April 4, 2018 · District Court of Appeal of Florida, Fourth District · No. 4D17–1364
241 So. 3d 201

Agustin TORRES, Appellant,
v.
STATE of Florida DEPARTMENT OF REVENUE, CHILD SUPPORT PROGRAM and Viviana Torres, Appellees.

No. 4D17-1364

District Court of Appeal of Florida, Fourth District.

[April 4, 2018]

Tracy Belinda Newmark and Natalie Suzanne Kay of Kelley Kronenberg, Plantation, for appellant.

Pamela Jo Bondi, Attorney General and Toni C. Bernstein, Senior Assistant Attorney General, Tallahassee, for appellees.

May, J.

The father challenges a final administrative support order. He argues among other issues that the retroactive child support was inaccurately calculated, and he is entitled to a $200 credit. We agree with him on the $200 credit and reverse in part.

The mother applied for child support services and submitted a financial affidavit and parental information form. The Department of Revenue Child Support Program ("DOR") served the father with a notice of proceeding to establish an administrative support order, and enclosed a financial affidavit and parent information form for the father to complete within 20 days. The father was instructed to submit written proof if he had already provided support for his children.

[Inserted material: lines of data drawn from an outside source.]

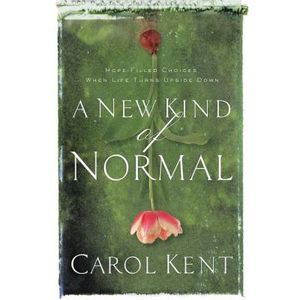A New Kind of Normal: Hope-Filled Choices When Life Turns Upside Down -- Carol K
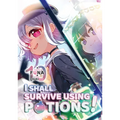 I Shall Survive Using Potions! Volume 10 (Light Novel) - Paperback
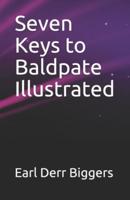 Seven Keys to Baldpate Illustrated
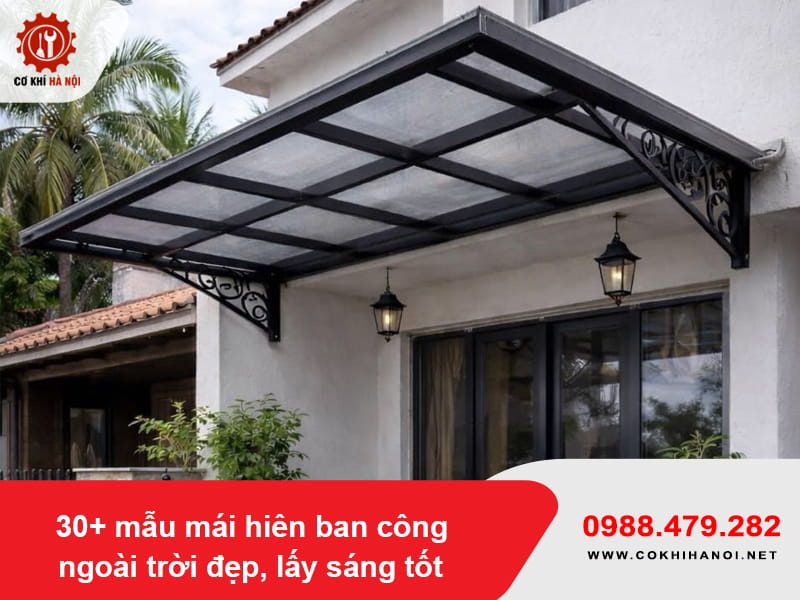 30+ mẫu mái hiên ban công ngoài trời đẹp, lấy sáng tốt 30+ mẫu mái hiên ban công ngoài trời đẹp, lấy sáng tốt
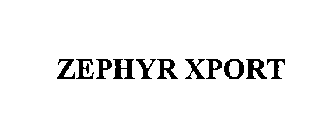 ZEPHYR XPORT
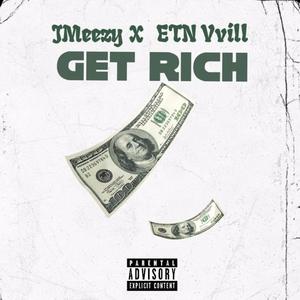 Get Rich (feat. ETN Vvill) (Explicit)
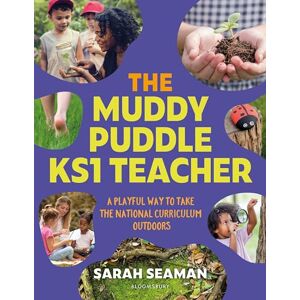 Sarah Seaman The Muddy Puddle KS1 Teacher: A playful way to take the National Curriculum outdoors Sarah Seaman The Muddy Puddle KS1 Teacher: A playful way to take the National Curriculum outdoors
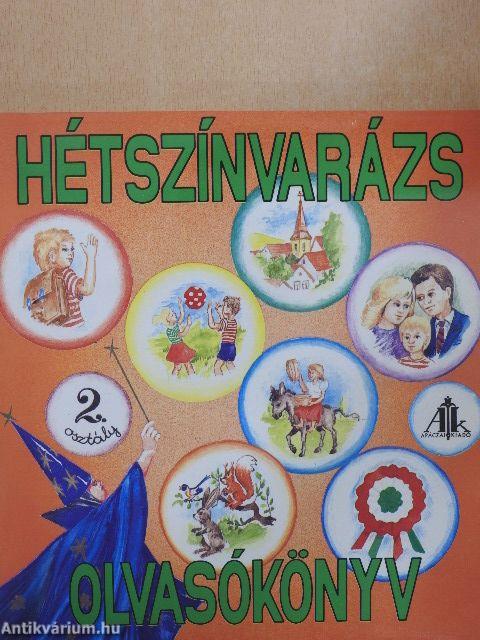 Hétszínvarázs - Olvasókönyv 2. osztályosoknak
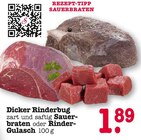 Dicker Rinderbug Sauerbraten im Angebot bei E center in Heidelberg Dicker Rinderbug Sauerbraten Angebote bei E center Heidelberg für 1,89 €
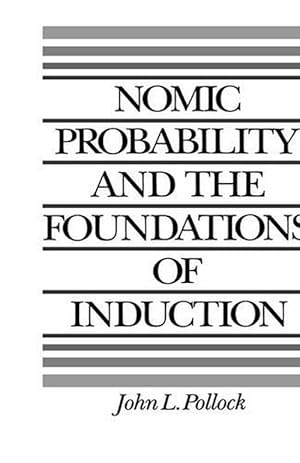 Seller image for Nomic Probability and the Foundations of Induction (Hardcover) for sale by Grand Eagle Retail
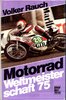 Motorrad Weltmeisterschaft 75. Von Volker Rauch.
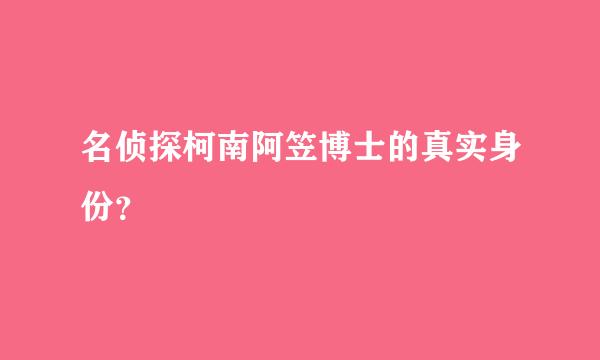 名侦探柯南阿笠博士的真实身份？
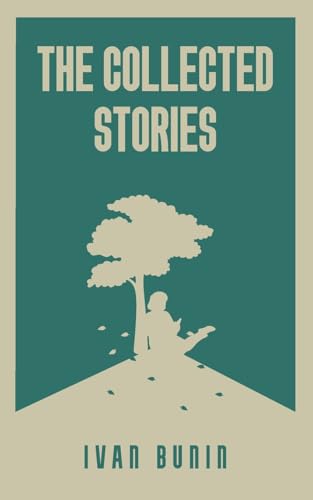 The Collected Stories of Ivan Bunin von JollyJoy Books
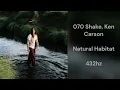 070 Shake - Natural Habitat (feat. Ken Carson) (432hz)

The father failed to submit either form or any other information.1 The DOR then sent the father a proposed administrative order and enclosed the child support guidelines worksheet and the mother's financial affidavit. The proposed order informed the father of the projected child support obligations, including retroactive support. The DOR advised the father that he could request a hearing or contact the DOR informally if he disagreed with the proposed order.

Once again, the father neither objected to the proposed order nor requested an administrative hearing. He did not provide any new information to the DOR. This led to the entry of the final administrative support order.

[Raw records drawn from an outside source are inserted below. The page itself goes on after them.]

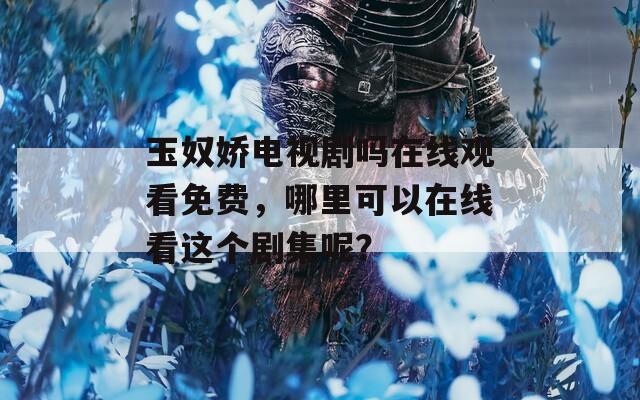 玉奴娇电视剧吗在线观看免费，哪里可以在线看这个剧集呢？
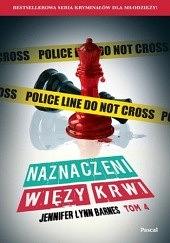 Naznaczeni. Więzy krwi by Jennifer Lynn Barnes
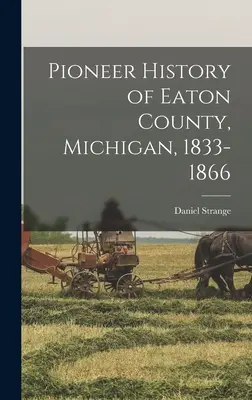 Histoire des pionniers du comté d'Eaton, Michigan, 1833-1866 - Pioneer History of Eaton County, Michigan, 1833-1866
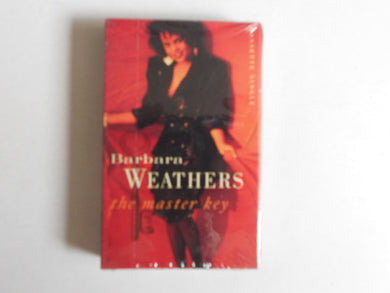 Barbara Weathers : The Master Key (Cass, Single)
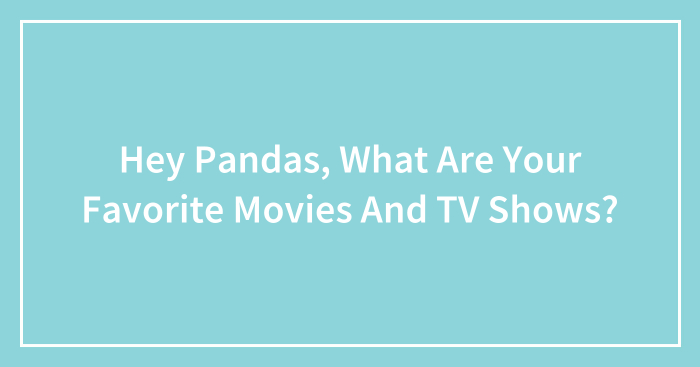 Hey Pandas, What Are Your Favorite Movies And TV Shows? (Closed)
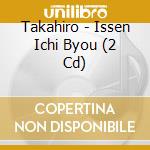 Takahiro - Issen Ichi Byou (2 Cd) cd musicale di Takahiro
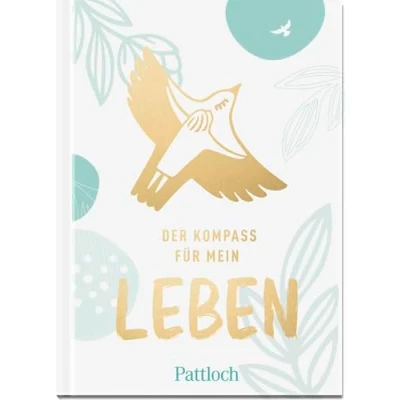 Abbildung von Der Kompass für mein Leben: Inspirierende Geschichten, Gedichte und Zitate junge Menschen. Christliches Geschenk zur Firmung oder Konfirmation, mit Goldfolie veredelt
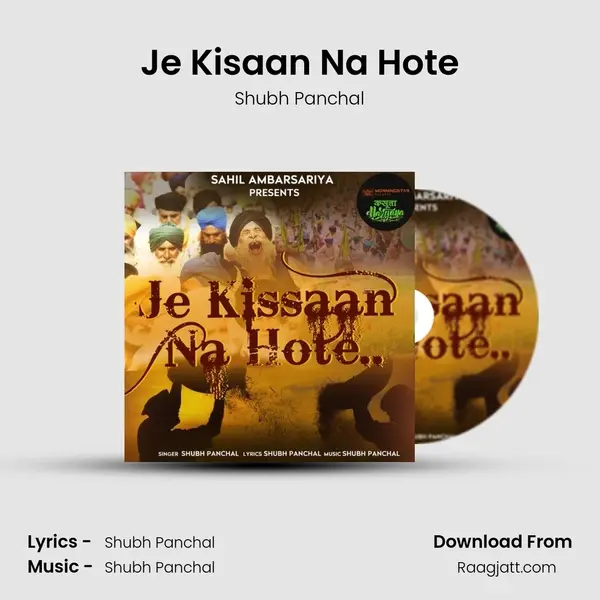 Je Kisaan Na Hote mp3 song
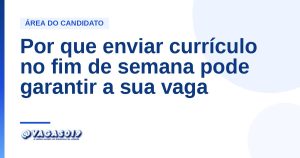 Por que enviar currículo no fim de semana pode garantir a sua vaga 2 Por que enviar currículo no fim de semana pode garantir a sua vaga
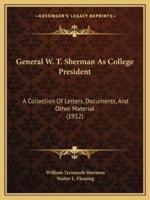 General W. T. Sherman As College President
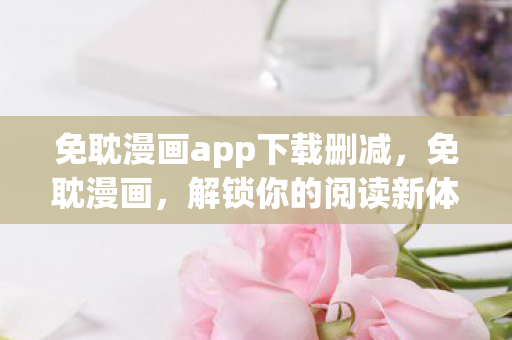 免耽漫画app下载删减,免耽漫画,解锁你的阅读新体验 免耽漫画app下载删减,免耽漫画,解锁你的阅读新体验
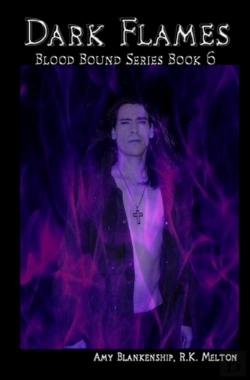 Bertrand.pt - Dark Flames (Blood Bound Book 6)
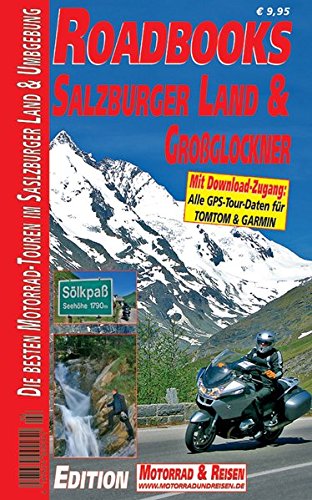 M&R Roadbooks: Salzburger Land & Großglockner: Die besten Motorrad-Touren im Salzburger Land & Umgebung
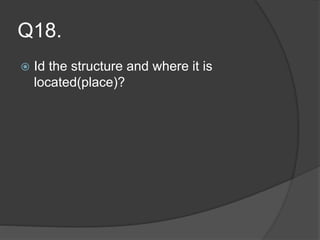 Q18.
 Id the structure and where it is
located(place)?
 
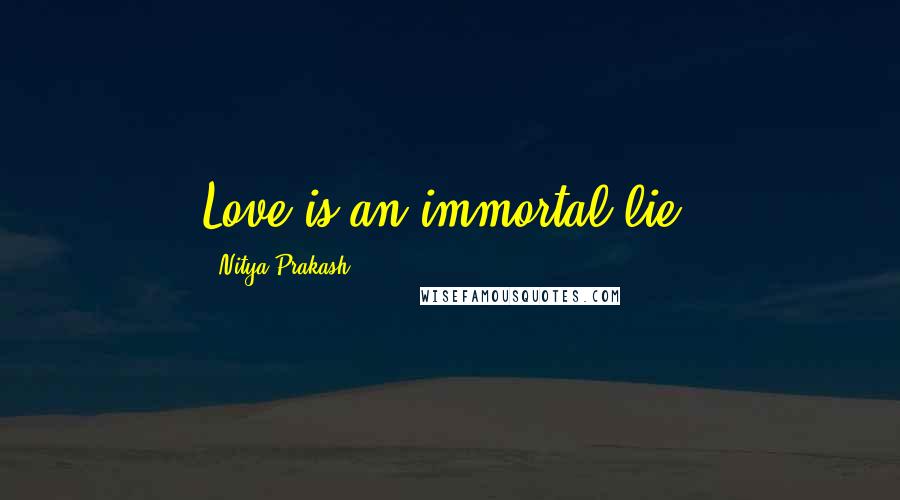 Nitya Prakash Quotes: Love is an immortal lie!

The final order contained the following findings of fact and conclusions of law:

• the father failed to timely request an administrative hearing;
• the father's actual net monthly income was 82% of the combined parental net income;
• the mother was imputed an income equal to full time employment at federal minimum wage because there was a lack of sufficient, reliable information concerning her actual earnings;
• the total monthly child support need;
• the father's share of the monthly child support;
• the father had to pay retroactive support for 28 months; and
• the father's total monthly payment.

From this order, the father now appeals.

In his third issue, the father argues he paid the mother directly during the retroactive period and never received a credit. And, he argues the retroactive period itself was miscalculated as a matter of law. The DOR answers that the father *203waived these arguments; but if the arguments are not waived, it agrees the father is entitled to a $200 credit.

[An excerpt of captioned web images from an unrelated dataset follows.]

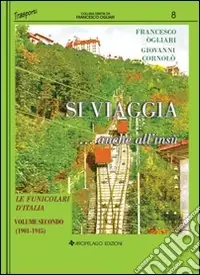 Si viaggia... anche all‘insù. Le funicolari d‘Italia. Vol. 2 1901-1945 Compra Oggi Stesso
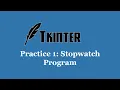Tkinter Practice 1 Stopwatch Program
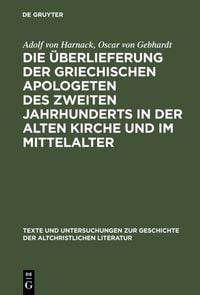 Produktbild: Die &Uuml;berlieferung der griechischen Apologeten des zweiten Jahrhunderts in der alten Kirche und im Mittelalter
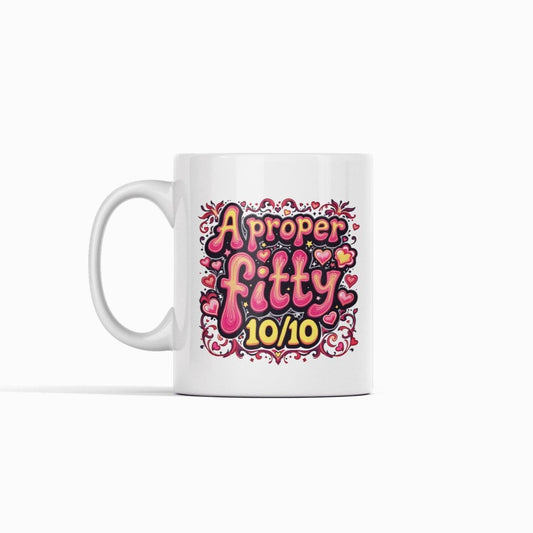 A Proper Fitty 10/10 Mug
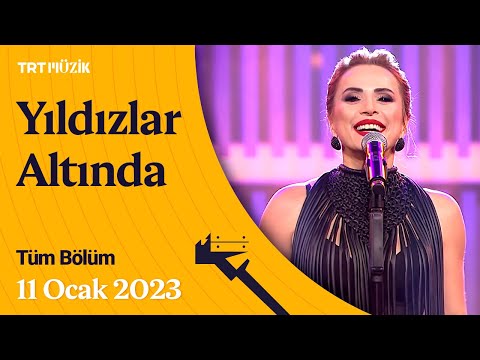 ✨ Ayşen Birgör ile Yıldızlar Altında | 11 Ocak 2023 | Tüm Bölüm #YıldızlarAltında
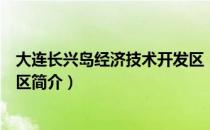 大连长兴岛经济技术开发区（关于大连长兴岛经济技术开发区简介）
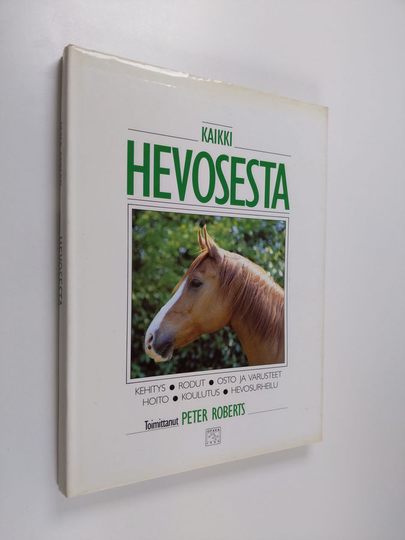 Peter Roberts (toim.) : Kaikki hevosesta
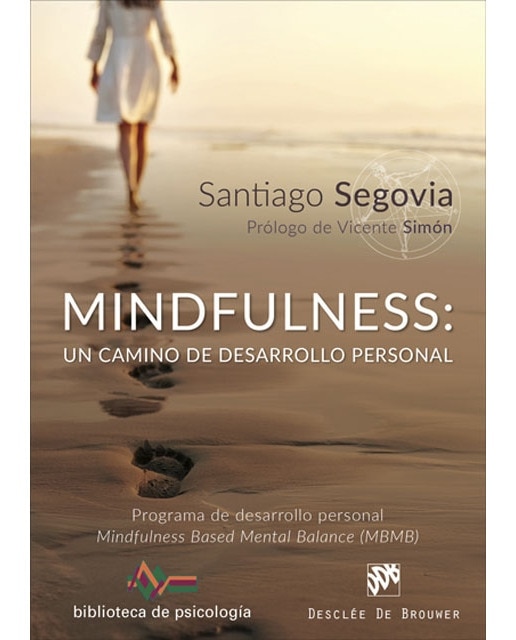 Imagen 1 de Mindfulness: un camino de desarrollo personal. Programa de desarrollo personal Mindfulness Based Mental Balance (MBMB)  (Tapa blanda)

We review retroactive child support awards for an abuse of discretion. Henry v. Henry , 191 So.3d 995, 997 (Fla. 4th DCA 2016).

The father claims he cannot determine whether he received a credit for actual payments made to the mother. But, the record reflects the mother received a $200 payment during the retroactive period. The proposed order fails to reflect that credit.

While not conceding its waiver argument, the DOR admits the father should receive a $200 credit. We agree. We therefore reverse and remand the case only for the father to receive the $200 credit toward retroactive child support.

We find the other issues either waived or without merit.

Affirmed in part; reversed in part and remanded.

Gerber, C.J., and Damoorgian, J., concur.